===== EXCERPTED RECORDS
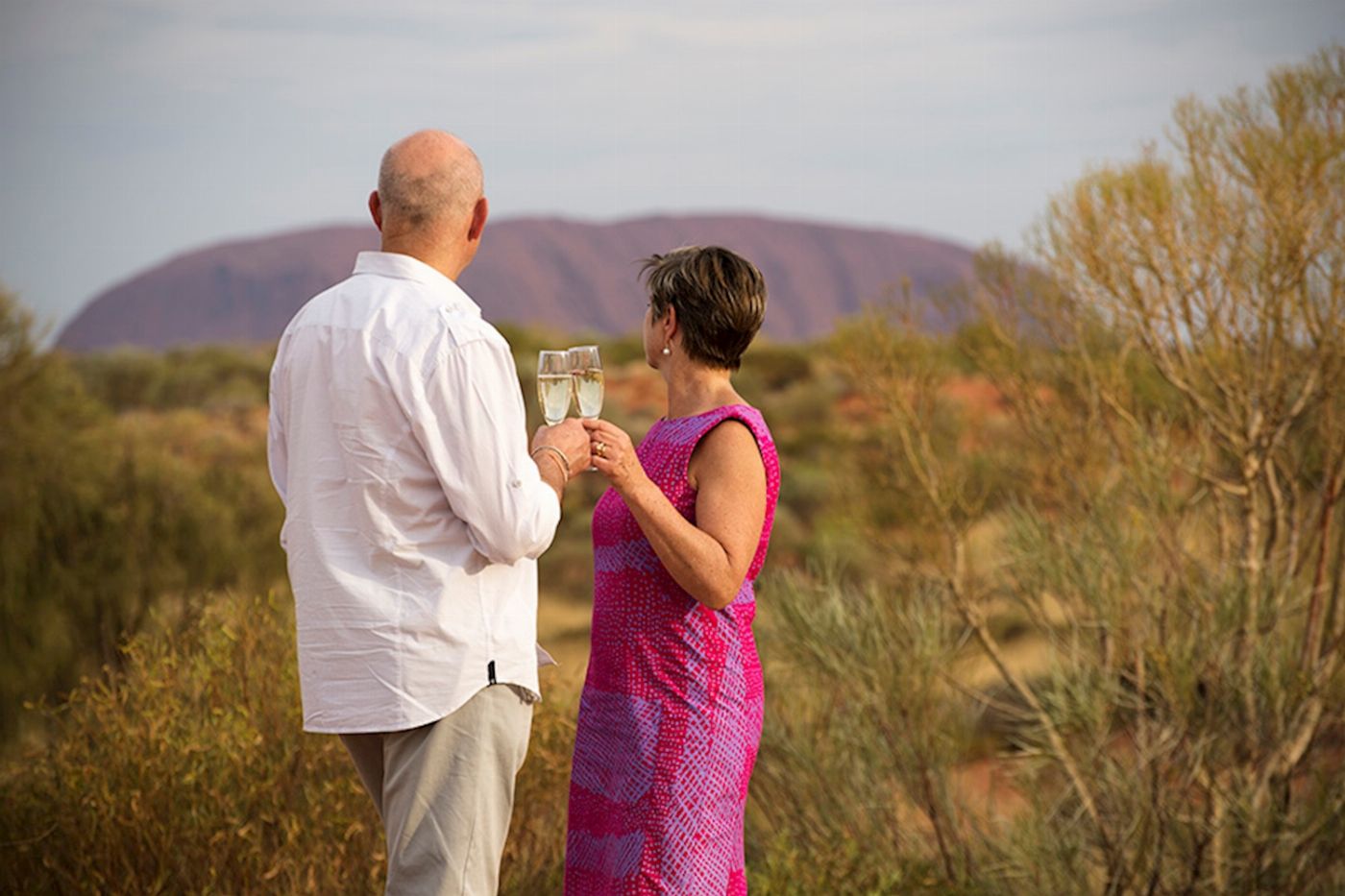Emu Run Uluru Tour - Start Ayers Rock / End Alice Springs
==========
===== EXCERPTED RECORDS
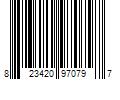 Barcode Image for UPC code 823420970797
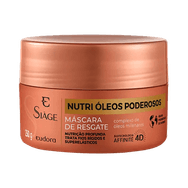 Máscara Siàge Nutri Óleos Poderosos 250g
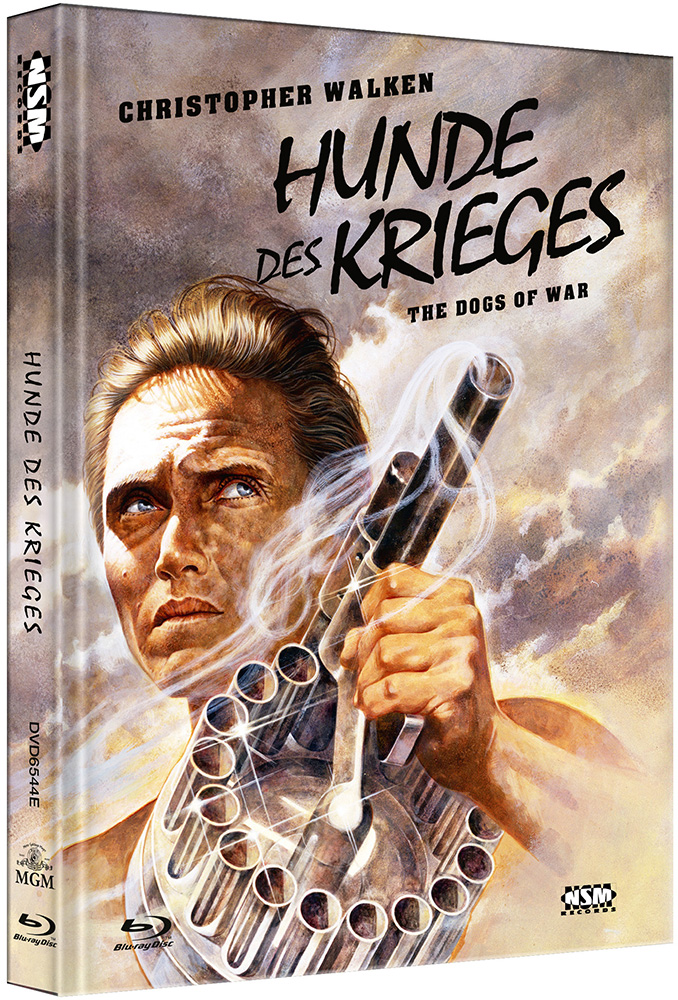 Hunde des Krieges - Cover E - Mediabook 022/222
==========
===== EXCERPTED RECORDS
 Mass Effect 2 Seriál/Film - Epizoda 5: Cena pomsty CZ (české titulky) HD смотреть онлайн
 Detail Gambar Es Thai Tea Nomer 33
==========
_YOUR ASSIGNMENT_
What lines above run from the one with "Máscara Siàge Nutri Óleos Poderosos 250g" to the one with "Hunde des Krieges"? Give them again exactly, ends included, and leave the pictures out.

_ANSWER FOR THIS EXERCISE_
 Máscara Siàge Nutri Óleos Poderosos 250g
 Hunde des Krieges - Cover E - Mediabook 022/222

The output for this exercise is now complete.